TK-BOM-Project/backend/app/utils/file_processor.py

"""
대용량 파일 처리 최적화 유틸리티
메모리 효율적인 파일 처리 및 청크 기반 처리
"""
import pandas as pd
import asyncio
from typing import Iterator, List, Dict, Any, Optional, Callable
from pathlib import Path
import tempfile
import os
from concurrent.futures import ThreadPoolExecutor
import gc

from .logger import get_logger
from ..config import get_settings

logger = get_logger(__name__)
settings = get_settings()


class FileProcessor:
    """대용량 파일 처리 최적화 클래스"""

    def __init__(self, chunk_size: int = 1000, max_workers: int = 4):
        self.chunk_size = chunk_size
        self.max_workers = max_workers
        self.executor = ThreadPoolExecutor(max_workers=max_workers)

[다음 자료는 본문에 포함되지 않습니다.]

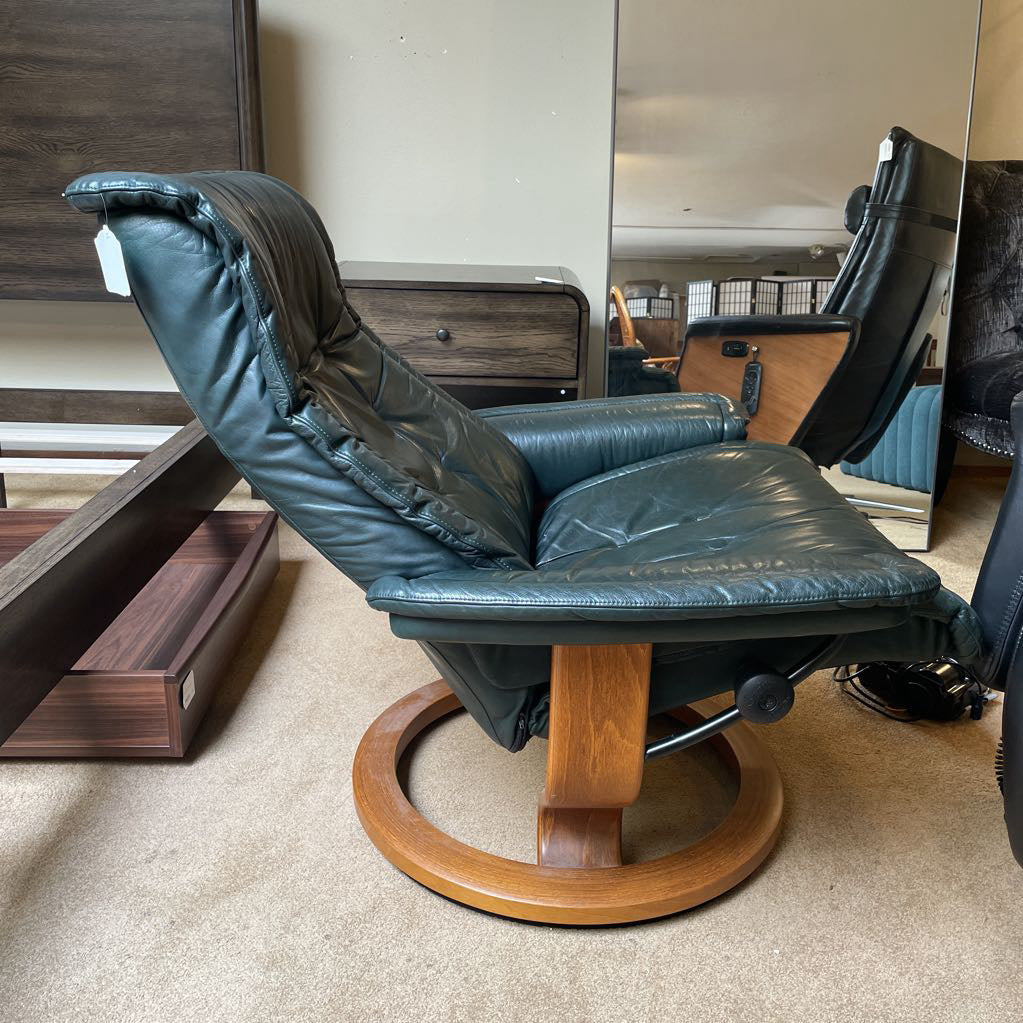 Evergreen Stressless Recliner Chair & Ottoman w/Tufting U ACCENT CHAIRS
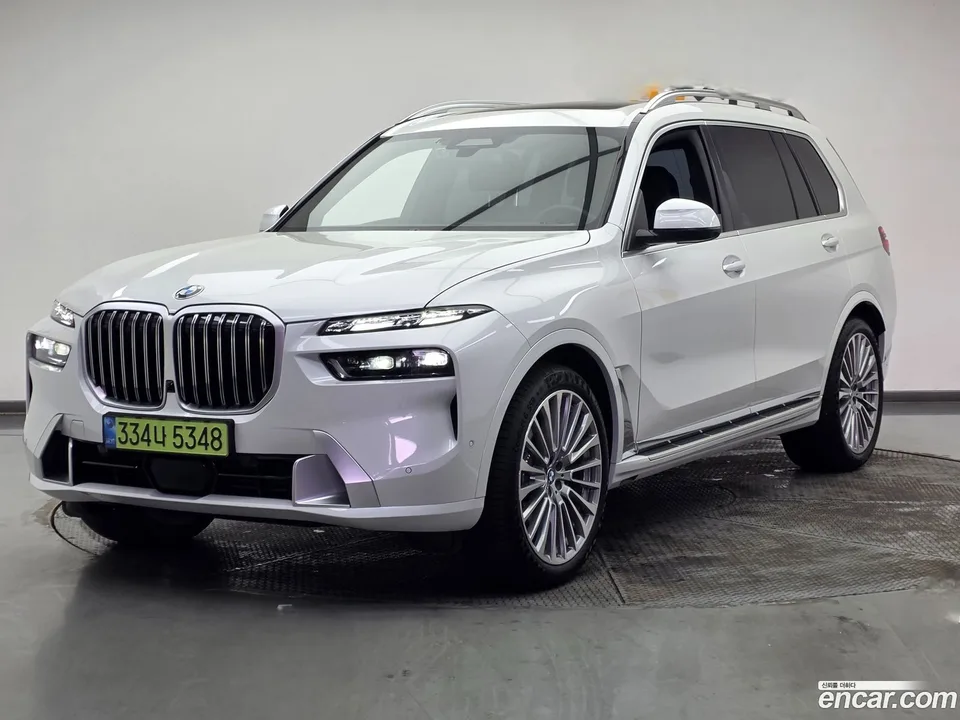 BMW X7 xDrive 40i 6 2025 — фото 1, купить с доставкой в Москву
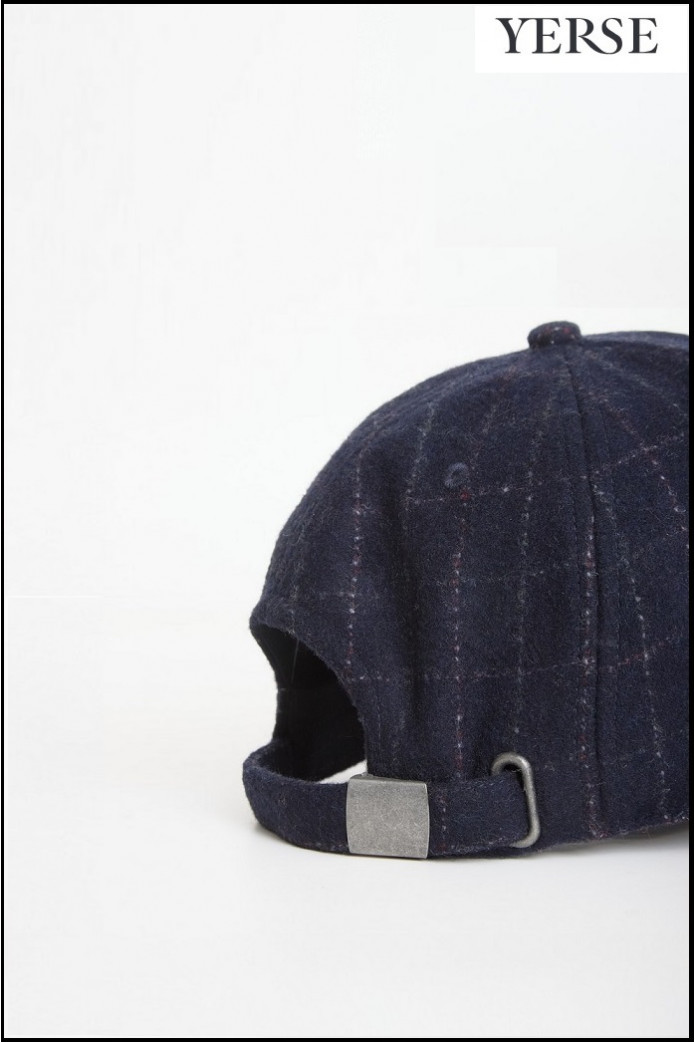 GORRA DE PANA Y FRANELA AZUL MARINO YERSE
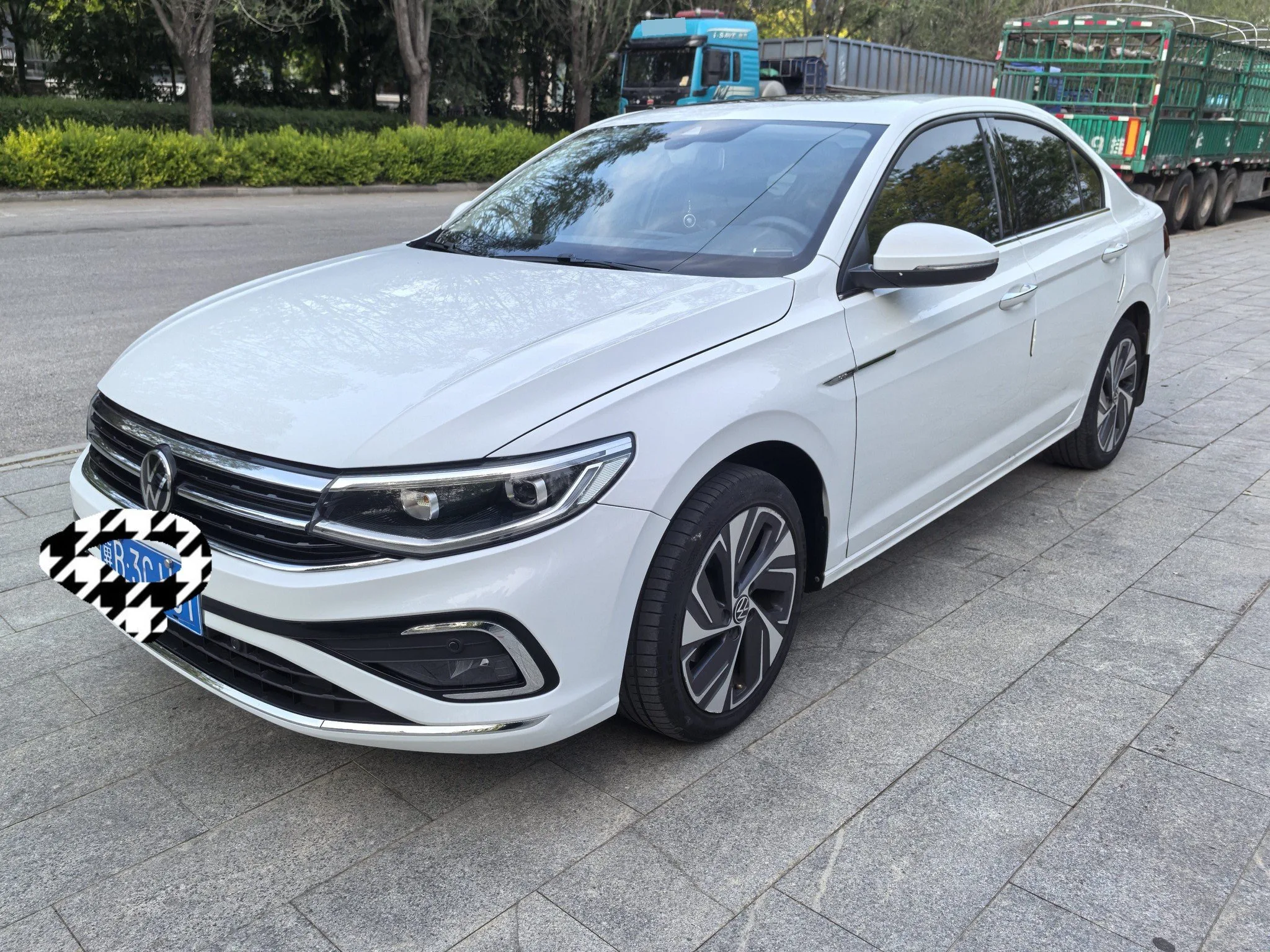 2023 Volkswagen Bora 300TSI DSG Basic Model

    def read_excel_chunks(self, file_path: str, sheet_name: str = None) -> Iterator[pd.DataFrame]:
        """
        엑셀 파일을 청크 단위로 읽기

        Args:
            file_path: 파일 경로
            sheet_name: 시트명 (None이면 첫 번째 시트)

        Yields:
            DataFrame: 청크 단위 데이터
        """
        try:
            # 파일 크기 확인
            file_size = os.path.getsize(file_path)
            logger.info(f"엑셀 파일 처리 시작 - 파일: {file_path}, 크기: {file_size} bytes")

            # 전체 행 수 확인 (메모리 효율적으로)
            with pd.ExcelFile(file_path) as xls:
                if sheet_name is None:
                    sheet_name = xls.sheet_names[0]

                # 첫 번째 청크로 컬럼 정보 확인
                first_chunk = pd.read_excel(xls, sheet_name=sheet_name, nrows=self.chunk_size)
                total_rows = len(first_chunk)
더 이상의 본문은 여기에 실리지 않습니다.